Нежная птица – дива и солнечный свет –

нянчит чужое время на сломанной ветке.

Мира взыскует ум, суета сует,

смерч водянисто-красный в сердечной клетке.

 

Дети швыряют камни, к кринице бегут.

Что им какая-то птица с нездешним взглядом?
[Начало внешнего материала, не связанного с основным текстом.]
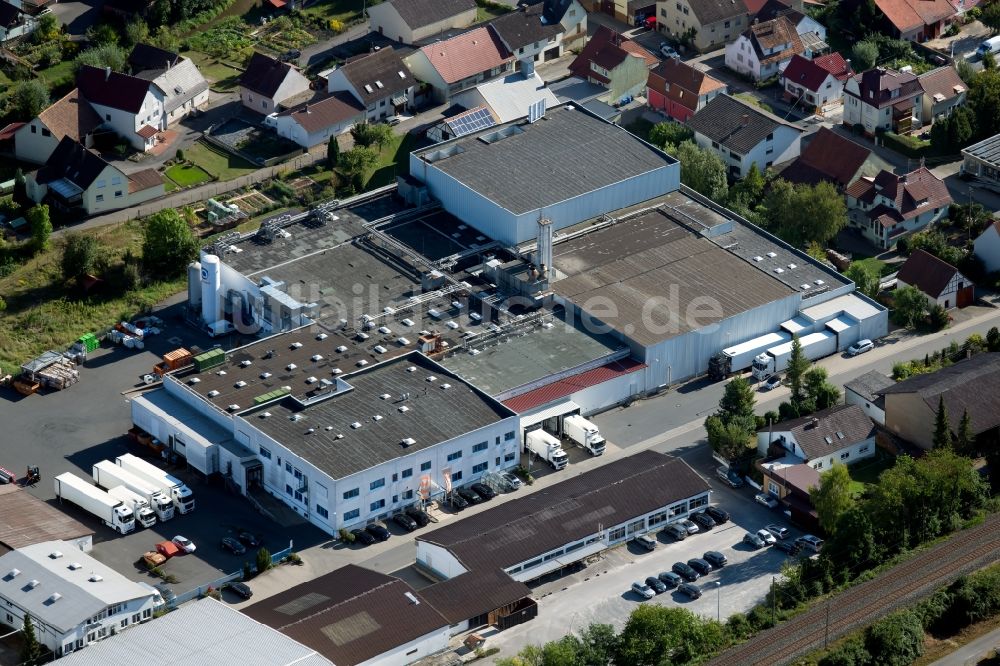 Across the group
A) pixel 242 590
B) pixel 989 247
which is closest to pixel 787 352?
pixel 989 247

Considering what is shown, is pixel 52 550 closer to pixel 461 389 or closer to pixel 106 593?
pixel 106 593

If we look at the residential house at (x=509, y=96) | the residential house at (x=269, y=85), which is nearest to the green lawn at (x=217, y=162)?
the residential house at (x=269, y=85)

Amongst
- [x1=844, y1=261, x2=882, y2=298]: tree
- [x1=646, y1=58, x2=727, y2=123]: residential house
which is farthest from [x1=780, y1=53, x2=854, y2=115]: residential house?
[x1=844, y1=261, x2=882, y2=298]: tree

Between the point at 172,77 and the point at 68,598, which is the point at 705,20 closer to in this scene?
the point at 172,77

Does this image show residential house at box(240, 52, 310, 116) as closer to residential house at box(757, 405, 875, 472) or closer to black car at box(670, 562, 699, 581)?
residential house at box(757, 405, 875, 472)

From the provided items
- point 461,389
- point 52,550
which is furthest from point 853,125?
point 52,550

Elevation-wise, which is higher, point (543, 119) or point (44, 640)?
point (543, 119)

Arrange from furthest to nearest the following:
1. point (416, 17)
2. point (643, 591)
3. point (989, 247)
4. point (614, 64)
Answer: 1. point (416, 17)
2. point (614, 64)
3. point (989, 247)
4. point (643, 591) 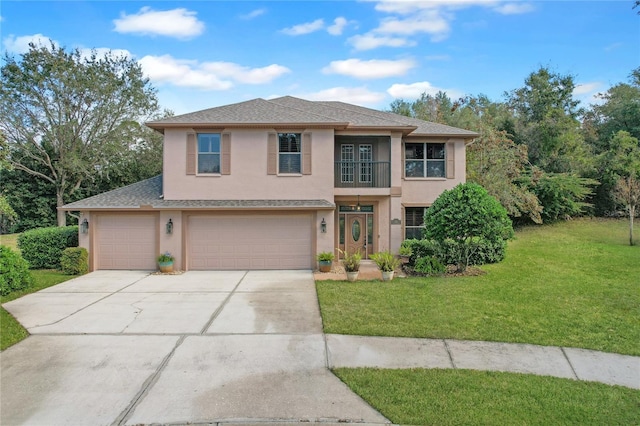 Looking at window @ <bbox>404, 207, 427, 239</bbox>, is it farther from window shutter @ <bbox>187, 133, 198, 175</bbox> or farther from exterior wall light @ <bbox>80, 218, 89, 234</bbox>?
exterior wall light @ <bbox>80, 218, 89, 234</bbox>

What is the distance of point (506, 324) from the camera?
750cm

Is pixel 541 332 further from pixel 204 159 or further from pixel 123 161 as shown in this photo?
pixel 123 161

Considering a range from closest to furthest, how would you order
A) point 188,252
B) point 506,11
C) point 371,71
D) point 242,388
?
point 242,388 → point 506,11 → point 188,252 → point 371,71

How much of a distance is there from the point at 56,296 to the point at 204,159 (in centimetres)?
653

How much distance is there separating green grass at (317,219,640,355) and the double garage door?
9.97ft

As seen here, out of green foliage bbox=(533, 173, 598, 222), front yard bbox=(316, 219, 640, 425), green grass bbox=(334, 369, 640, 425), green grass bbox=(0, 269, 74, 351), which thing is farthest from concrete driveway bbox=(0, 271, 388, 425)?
green foliage bbox=(533, 173, 598, 222)

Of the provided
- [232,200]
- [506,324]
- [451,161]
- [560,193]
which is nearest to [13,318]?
[232,200]

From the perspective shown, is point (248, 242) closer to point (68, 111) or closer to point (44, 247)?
point (44, 247)

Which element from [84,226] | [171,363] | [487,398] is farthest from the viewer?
[84,226]

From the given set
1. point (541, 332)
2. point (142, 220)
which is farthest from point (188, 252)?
point (541, 332)

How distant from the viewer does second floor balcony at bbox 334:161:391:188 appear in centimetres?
1513

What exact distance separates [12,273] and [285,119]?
9.41 meters

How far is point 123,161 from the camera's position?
80.9ft

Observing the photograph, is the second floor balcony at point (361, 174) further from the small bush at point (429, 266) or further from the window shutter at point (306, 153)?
the small bush at point (429, 266) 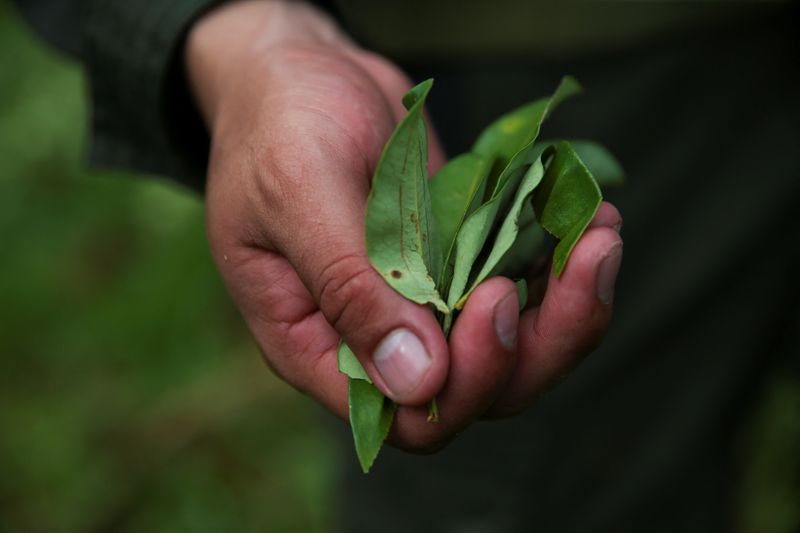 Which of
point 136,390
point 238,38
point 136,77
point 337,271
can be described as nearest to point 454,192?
point 337,271

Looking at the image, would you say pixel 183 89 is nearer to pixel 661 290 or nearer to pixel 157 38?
pixel 157 38

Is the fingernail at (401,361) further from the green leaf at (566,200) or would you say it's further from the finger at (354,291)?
the green leaf at (566,200)

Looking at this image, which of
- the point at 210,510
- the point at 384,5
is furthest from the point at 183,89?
the point at 210,510

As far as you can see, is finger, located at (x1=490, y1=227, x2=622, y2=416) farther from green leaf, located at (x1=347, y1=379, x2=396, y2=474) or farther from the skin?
green leaf, located at (x1=347, y1=379, x2=396, y2=474)

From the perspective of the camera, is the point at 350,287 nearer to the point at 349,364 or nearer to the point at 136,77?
the point at 349,364

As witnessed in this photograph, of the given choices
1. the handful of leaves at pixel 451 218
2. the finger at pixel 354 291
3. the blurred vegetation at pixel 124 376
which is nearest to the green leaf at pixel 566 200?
the handful of leaves at pixel 451 218

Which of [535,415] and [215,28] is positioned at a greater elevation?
[215,28] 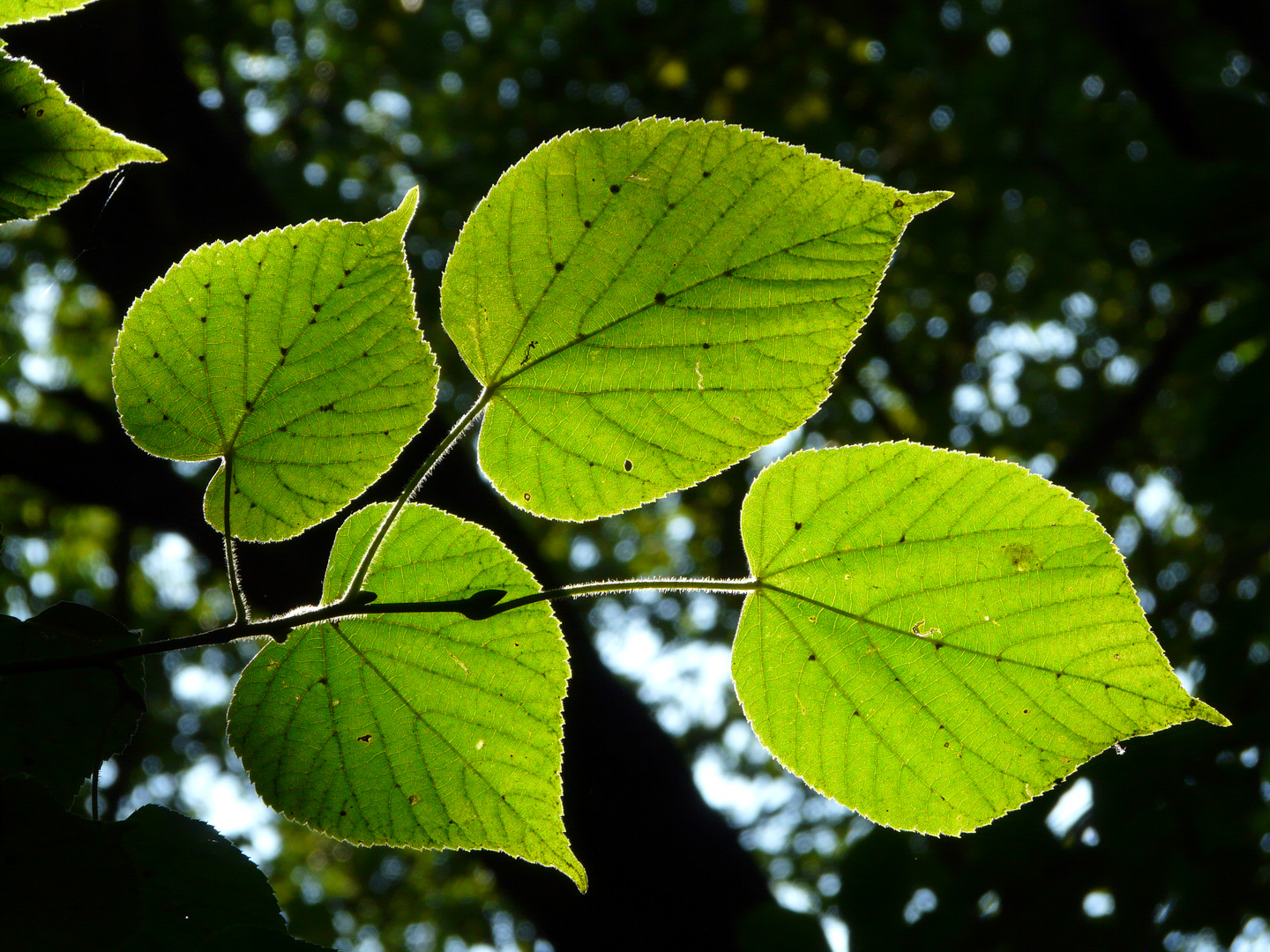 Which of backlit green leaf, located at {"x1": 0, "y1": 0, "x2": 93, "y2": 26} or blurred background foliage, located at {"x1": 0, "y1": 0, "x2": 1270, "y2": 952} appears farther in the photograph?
blurred background foliage, located at {"x1": 0, "y1": 0, "x2": 1270, "y2": 952}

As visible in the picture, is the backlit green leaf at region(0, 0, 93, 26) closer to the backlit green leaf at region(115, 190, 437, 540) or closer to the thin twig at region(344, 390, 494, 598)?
the backlit green leaf at region(115, 190, 437, 540)

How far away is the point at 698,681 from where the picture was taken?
616 cm

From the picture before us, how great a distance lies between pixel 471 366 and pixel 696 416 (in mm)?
142

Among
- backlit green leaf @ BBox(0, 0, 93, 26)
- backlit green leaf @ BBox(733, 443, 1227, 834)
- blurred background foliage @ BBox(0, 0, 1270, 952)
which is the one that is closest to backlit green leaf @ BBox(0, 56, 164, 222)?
backlit green leaf @ BBox(0, 0, 93, 26)

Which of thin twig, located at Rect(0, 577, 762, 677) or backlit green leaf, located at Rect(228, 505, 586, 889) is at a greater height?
thin twig, located at Rect(0, 577, 762, 677)

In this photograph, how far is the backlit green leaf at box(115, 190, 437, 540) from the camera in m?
0.53

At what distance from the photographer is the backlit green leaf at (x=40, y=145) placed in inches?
21.1

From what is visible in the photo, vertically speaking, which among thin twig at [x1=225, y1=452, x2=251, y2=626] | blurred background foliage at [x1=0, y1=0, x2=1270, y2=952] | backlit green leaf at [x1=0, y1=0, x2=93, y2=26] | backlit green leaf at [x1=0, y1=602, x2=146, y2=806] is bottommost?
blurred background foliage at [x1=0, y1=0, x2=1270, y2=952]

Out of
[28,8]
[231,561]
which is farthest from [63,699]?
[28,8]

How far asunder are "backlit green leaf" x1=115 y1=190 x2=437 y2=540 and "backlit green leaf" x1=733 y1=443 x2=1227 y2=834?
24 centimetres

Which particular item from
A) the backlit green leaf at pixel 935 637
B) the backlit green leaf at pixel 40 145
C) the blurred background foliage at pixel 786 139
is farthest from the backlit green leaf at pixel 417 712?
the blurred background foliage at pixel 786 139

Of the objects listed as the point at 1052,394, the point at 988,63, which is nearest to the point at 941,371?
the point at 1052,394

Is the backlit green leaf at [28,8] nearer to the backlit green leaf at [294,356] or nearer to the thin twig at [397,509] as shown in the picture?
the backlit green leaf at [294,356]

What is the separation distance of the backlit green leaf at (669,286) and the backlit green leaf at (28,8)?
0.89 ft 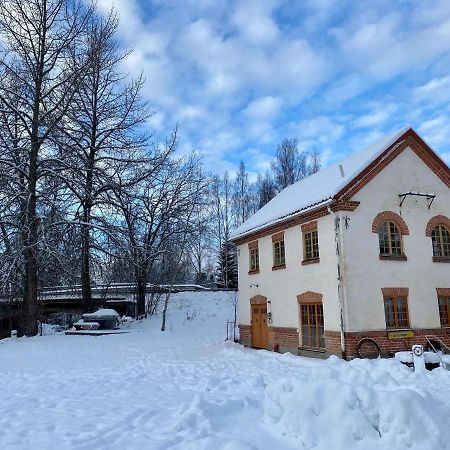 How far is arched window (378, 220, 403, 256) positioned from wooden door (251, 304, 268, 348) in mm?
6128

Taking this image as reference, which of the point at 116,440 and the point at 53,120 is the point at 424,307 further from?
the point at 53,120

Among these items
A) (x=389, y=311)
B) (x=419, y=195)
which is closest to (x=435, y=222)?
(x=419, y=195)

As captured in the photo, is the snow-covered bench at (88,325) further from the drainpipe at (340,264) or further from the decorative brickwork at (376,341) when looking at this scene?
the drainpipe at (340,264)

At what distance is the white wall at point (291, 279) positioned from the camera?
52.0ft

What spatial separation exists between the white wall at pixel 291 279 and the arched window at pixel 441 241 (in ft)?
14.2

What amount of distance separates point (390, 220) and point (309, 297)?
393cm

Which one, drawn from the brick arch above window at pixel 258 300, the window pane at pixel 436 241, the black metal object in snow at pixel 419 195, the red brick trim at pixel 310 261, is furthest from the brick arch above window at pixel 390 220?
the brick arch above window at pixel 258 300

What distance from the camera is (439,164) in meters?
17.7

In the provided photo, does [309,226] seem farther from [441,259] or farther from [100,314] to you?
[100,314]

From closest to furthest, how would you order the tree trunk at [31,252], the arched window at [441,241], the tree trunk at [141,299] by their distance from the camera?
the arched window at [441,241], the tree trunk at [31,252], the tree trunk at [141,299]

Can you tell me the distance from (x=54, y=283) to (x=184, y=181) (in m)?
13.2

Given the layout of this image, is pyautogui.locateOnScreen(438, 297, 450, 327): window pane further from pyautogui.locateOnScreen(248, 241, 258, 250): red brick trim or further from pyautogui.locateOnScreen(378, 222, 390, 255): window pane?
pyautogui.locateOnScreen(248, 241, 258, 250): red brick trim

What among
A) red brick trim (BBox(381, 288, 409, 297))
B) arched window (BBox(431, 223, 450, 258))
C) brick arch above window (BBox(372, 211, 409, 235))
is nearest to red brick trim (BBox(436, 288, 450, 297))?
arched window (BBox(431, 223, 450, 258))

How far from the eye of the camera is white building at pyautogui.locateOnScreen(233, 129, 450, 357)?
15.5 meters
Бросят монетку «на счастье», чего-то ждут.

Дети дурачатся.

Мячик, снежки, снаряды…

 

5

 

Падает камень во тьму, лодку качает.

Падает камешек вглубь, в чьи-то печали –

всё всколыхнёт – от мечты до скорбей,

горьких и сладких позорищ,

тёмных кровей.

 

Мати камням всем, бело-горючий пламень

сон-Алатырь, в землю ложится камень –

ищет проросшего слова, божью пшеницу

в стане гробующих.

К месту ли им синица?..

 

К месту, как коконы бабочек в адовых шахтах,

там, где психеи с амурами на брудершафтах,

слова не зная, томятся предчувствием речи,

небо с журавликом увековечив.

 

Мысли – увечные дети, рабы сквернословия –

в головы-мячики,

в головы – шишки еловые…

Лодочка тонет, пока паладиновы внуки

глубь – журавлиным пером –

баламутят от скуки.

 

6

 

Здесь зима на подходе.

Сирены бессильны – воют в окна больничные.

Здесь нужда в кислороде

и до самого дна голоса обналичены.

Здесь пустоты границ освещают снаряды,

но по-прежнему блеск золотого сечения,

Здесь извечны луна и плеяды,

но их время имеет значение.

 

Время – плотный стежок

в сновиденье адамовом,

лигатура для ран, истекающих словом.

Говори, не молчи,

сколько времени жалобам

и природных законов в значении новом.

 

Сколько в слове опальном

несбыточных целей,

сколько истин избитых

до порванных ртов.

И какую из всех цитаделей

холод времени выбрать готов.

 

7

 

Падает звезда, собой ведома,

видит приоткрытое окно,

будничность расхристанного дома.

Будничность – судьбы второе дно.

Первое – в ночи неотвратимо

мягко холодит твоё лицо –

долгий сон души, смотрящей в зиму,

словно бездны вдох над деревцом.

 

Долгий сон, где вопленица плачет

и остры булавки голосов,

но не имут сраму.

Что-то значат

облака почти реальный шов,

нежный иней на увядших розах,

небо в блёстках, падающих вдруг.

Бросил камни дед в «Метаморфозах»

и, гляди-ка, «встаньте, дети, в круг…».

 

Пеночка осваивает звуки,

ботало на шее у скота.

Чьё-то имя в кожаной косухе

о полётах грезит неспроста –

ищет роль свою в мифологеме.

Видит око свет, да зуб неймёт.

Но когда у имени есть время,

кажется, что лодочка плывёт.

 

ноябрь 2021

 

 

БЛЕСК АМАЛЬГАМЫ

 

       «Открытием Укбара я обязан сочетанию зеркала и энциклопедии»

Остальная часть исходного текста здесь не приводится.